Julio Ramón Ribeyro: Notas sobre Paradiso, Lezama Lima y Marcel Proust
Una de las características de los grandes artistas es
sacar partido de sus propias flaquezas y hacer de sus defectos virtud. Paradiso
es justamente un libro que, gracias al talento poético de su autor, se realiza
plenamente como obra literaria contra todos los principios de la escritura
novelesca, al cabo de un largo combate de seiscientas páginas en el cual el
lector tiene muchas veces la impresión de haber sido convocado, mediante esa
lectura, al espectáculo de un portentoso naufragio.

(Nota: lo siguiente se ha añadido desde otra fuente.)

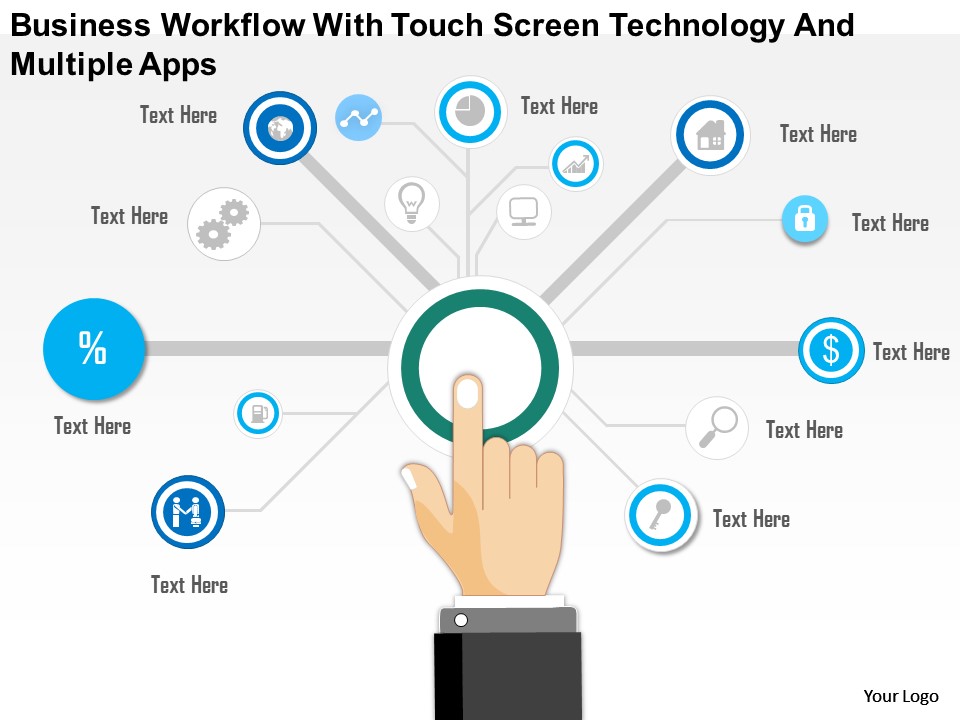Business Diagram Business Workflow With Touch Screen Technology And Multiple Apps Presentation Templ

A pesar de sus exorbitancias,
de sus errores flagrantes, de su evidente falta de composición, del por
momentos irresistible flujo barroco de su estilo, el libro sortea obstáculos,
se diría que se impulsa en ellos y cristaliza en una construcción inexpugnable,
solitaria, que aplasta bajo su masa las objeciones de detalle.
Paradiso no es verdaderamente una novela, al menos una novela como pueden serlo
—para tomar ejemplos muy diferentes—Los pasos perdidos o La casa verde, en las
cuales el ordenamiento de sus partes, su ajuste en función del conjunto y,
sobre todo, la maestría de su ejecución revela en sus autores a incomparables
profesionales de la novela. Paradiso se sitúa en ese ámbito de libros
heterodoxos, anárquicos, arbitrarios, nutridos de una rica sustancia
autobiográfica. Una primera aproximación a este libro sería definirlo como una
autobiografía simbólica o —como hace Painter en su magistral biografía de
Proust— una biografía creadora.
Lo que inicialmente sorprende en Paradiso es, pues, su
magnífica libertad, el carácter libérrimo de su elaboración. Esta libertad se
da en todos los niveles: lenguaje, técnica, composición, contenido estético e
ideológico. Libertad entendida no solo como el uso de espontaneidad, de
ausencia de premeditación y de plan.
El libro, desde el punto de vista de la estructura, se
presenta como una yuxtaposición de capítulos que no se ciñen a ningún esquema
de espacio, de tiempo o de argumento. Se diría que Lezama Lima los ha escrito
en diferentes épocas de su vida y tal vez con diferentes propósitos y que après
coup los ha reunido y ordenado en función del personaje central, José Cemí.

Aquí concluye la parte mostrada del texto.